Communist-controlled North Korea had the support of both the Soviet Union and China, with Beijing actively intervening on the military front in October 1950, sending almost a quarter-million troops into the Korean Peninsula as the US-led forces were advancing toward China’s border with North Korea.
Chinese support of the North pushed the UN advance back down the peninsula and by 1951 stalemate emerged along the 38th parallel, where the border between the two Koreas sits today.
How did the fighting stop?
Armistice talks began in 1951 and occurred intermittently until a final agreement to end combat was made at Panmunjom on the 38th parallel on July 27, 1953. Within three days, both sides withdrew their troops to be at least 2 kilometers (1.2 miles) from the cease-fire line.
Why didn’t the armistice end the war?
The signatories of the July 27, 1953 agreement to end hostilities were the heads of the UN Command, the North Korean army and of Chinese troops on the Korean Peninsula. South Korea is not a signee, and the agreement specifically says it is not a peace treaty.
According to the armistice preamble, it is made “in the interest of stopping the Korean conflict, with its great toil of suffering and bloodshed on both sides, and with the objective of establishing an armistice which will insure a complete cessation of hostilities and of all acts of armed force in Korea until a final peaceful settlement is achieved.”
What has happened since 1953?
There was no official contact between the North and South Korean governments until 1971, according to the US State Department.
By 1991 though, tensions had eased enough that Pyongyang and Seoul signed on to the North-South Basic Agreement, which said reunification was the goal of both parties. But a State Department history says the North’s budding weapons programs and the death of its longtime leader Kim Il-Sung in 1994, coupled with political turmoil in the South, led to new tensions.
The first inter-Korean summit was held in June 2000, but the thaw it provided ended with North Korea’s admission in 2002 that it was pursuing nuclear weapons.
In 2007, South Korean President Roh Moo-hyun and North Korean leader Kim Jong Il met in Pyongyang and agreed to try to bring peace to and reunify the peninsula without the intervention of outside parties. But conservative Lee Myung-bak was elected South Korean President a few months later, and switched to a hard line on the North’s weapons program, chilling peace efforts.

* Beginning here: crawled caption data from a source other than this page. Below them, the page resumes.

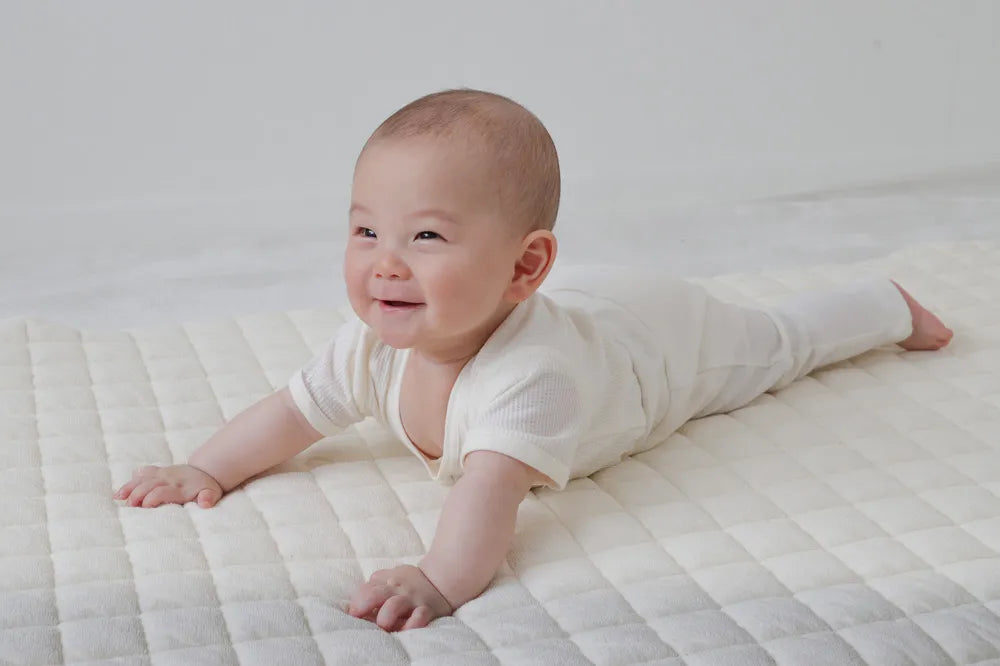 【生後6カ月】魔の6カ月って本当？夜泣き・ハイハイ対策ガイド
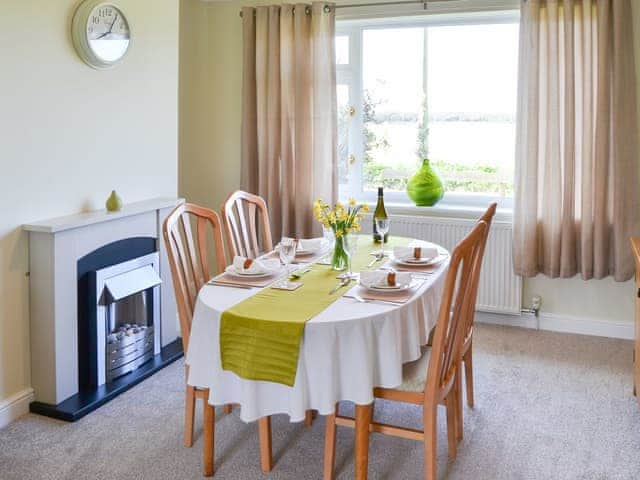 Lovely and bright dining area | California Halt, California, near Great Yarmouth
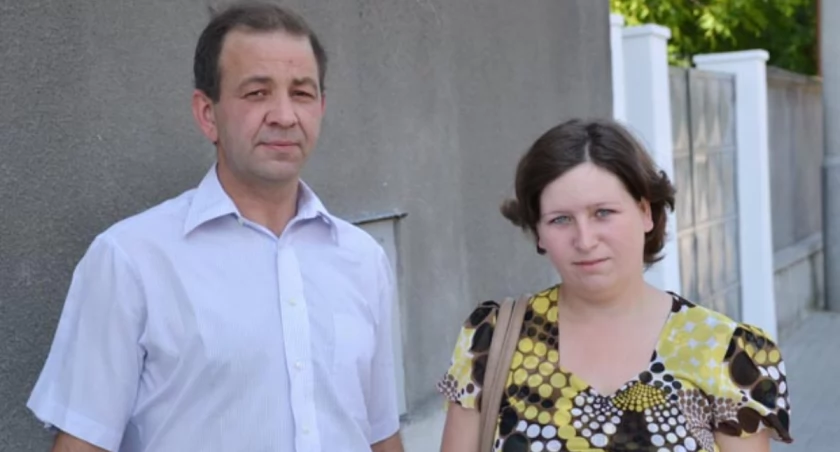 Barbara i Paweł Góreccy podkreślają, że sytuacja z wydawaniem kapoków ich zdenerwowała, bo byli razem z dzieckiem. Nie chcieli dziewczynki narażać na udział w nieprzyjemnych sytuacjach, a czują, że zostali do tego zmuszeni. fot. Magdalena Kruszka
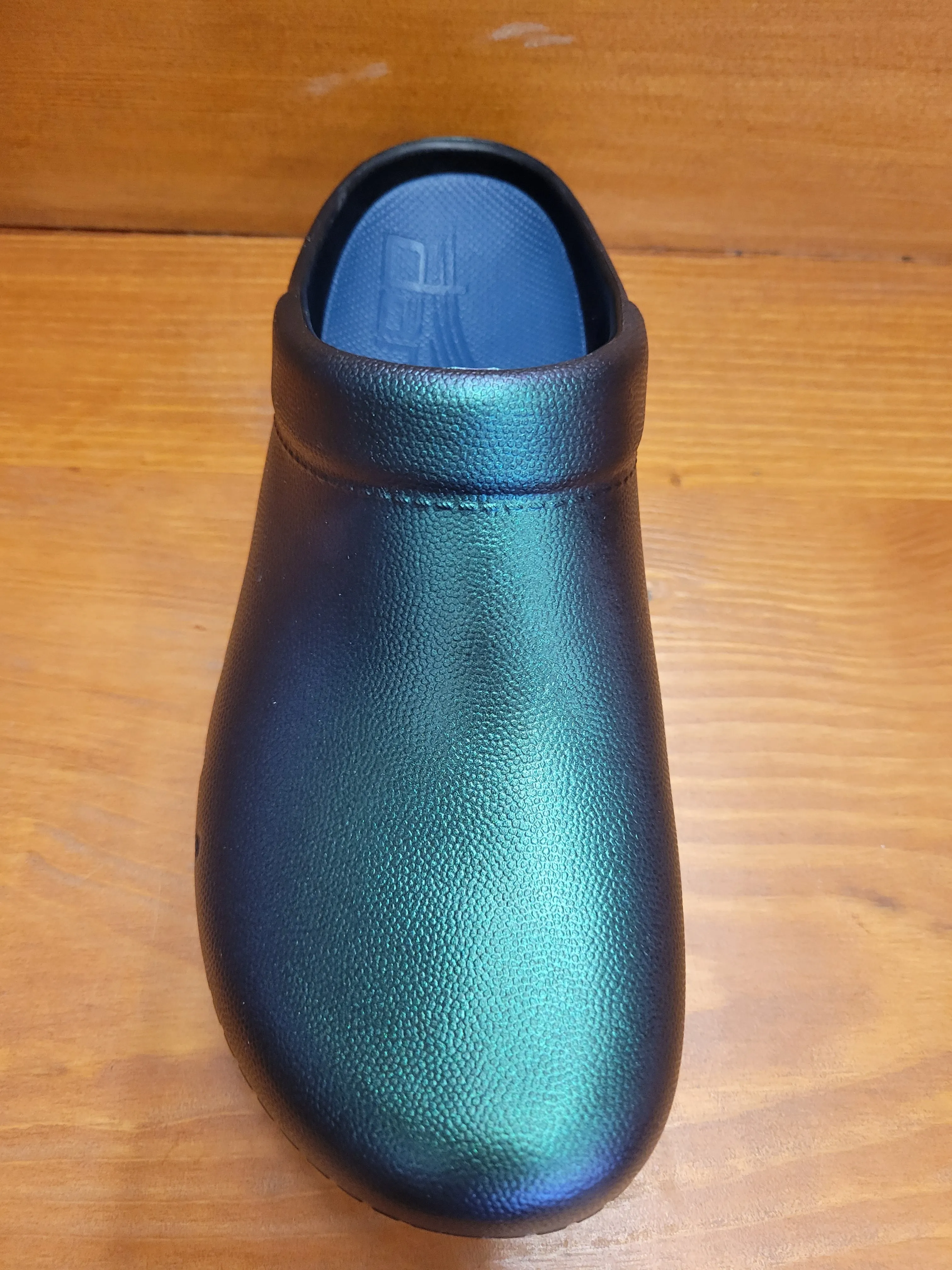 Dansko Kane Black Iridescent Molded EVA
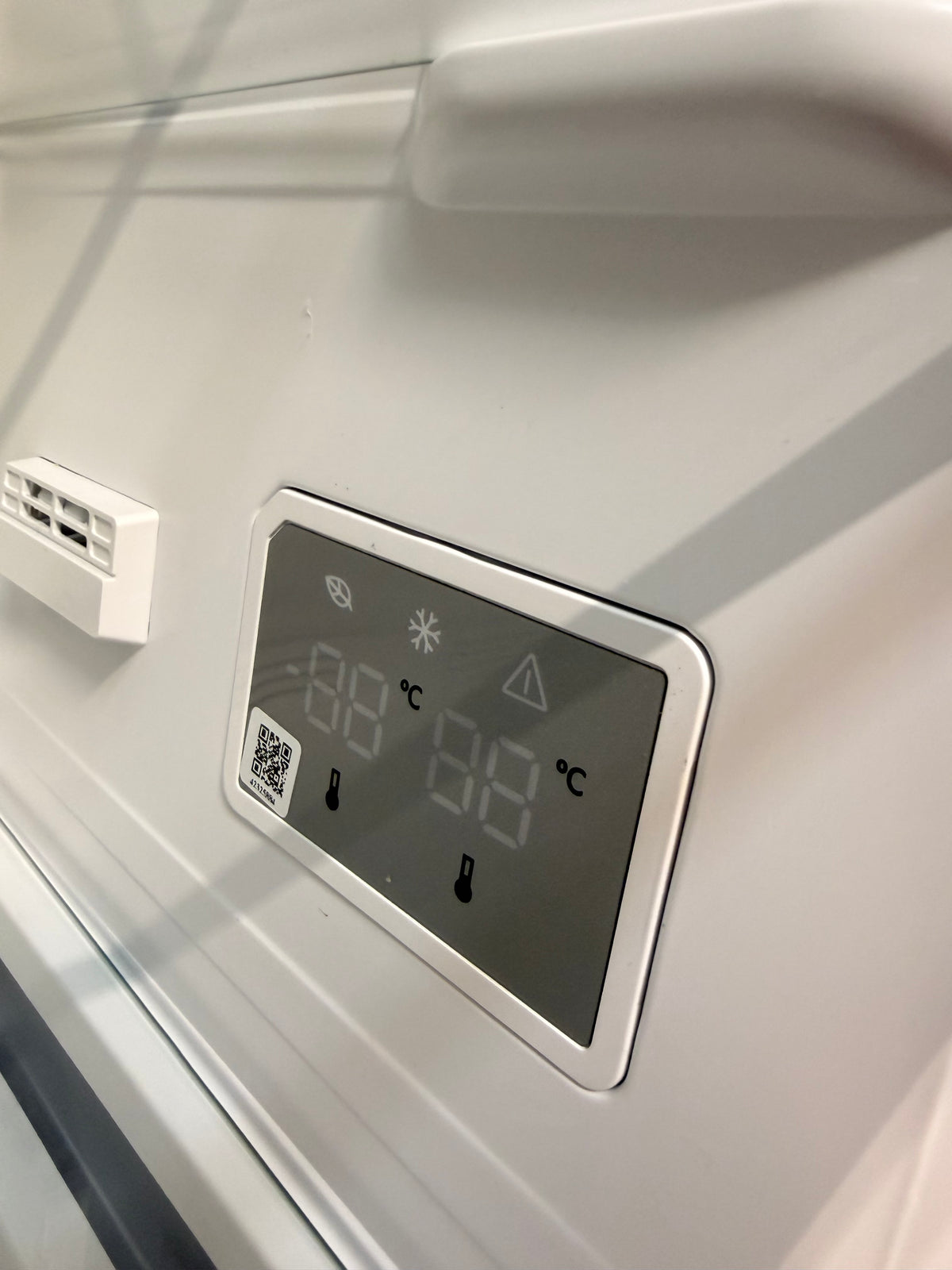 Electrolux køle/fryseskab LNC7ME36W2 - D20064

Tensions thawed again in 2018 when North Korean leader Kim Jong Un met with South Korean President Moon Jae-in in Panmunjom. The two said they would work to turning the 1953 armistice into a peace treaty.
Later that year the two met again in Pyongyang and signed a joint declaration to pursue denuclearization while working toward peace on the peninsula.
So what does the announcement of a possible peace treaty draft mean?
Essentially, not much — for now. Whatever deal the US and South Korean diplomats make on draft language, it would still need approval within their respective governments. Of course, North Korea would have to agree and, as a party to the armistice, so would China.
But there is some room for optimism.
South Korean Foreign Minister Chung Eui-yong said Wednesday that North Korea has been quickly and positively responding to South Korea’s movement to declare the end of the Korean War.
North Korea has yet to respond in detail about the declaration though, even through China, Chung said.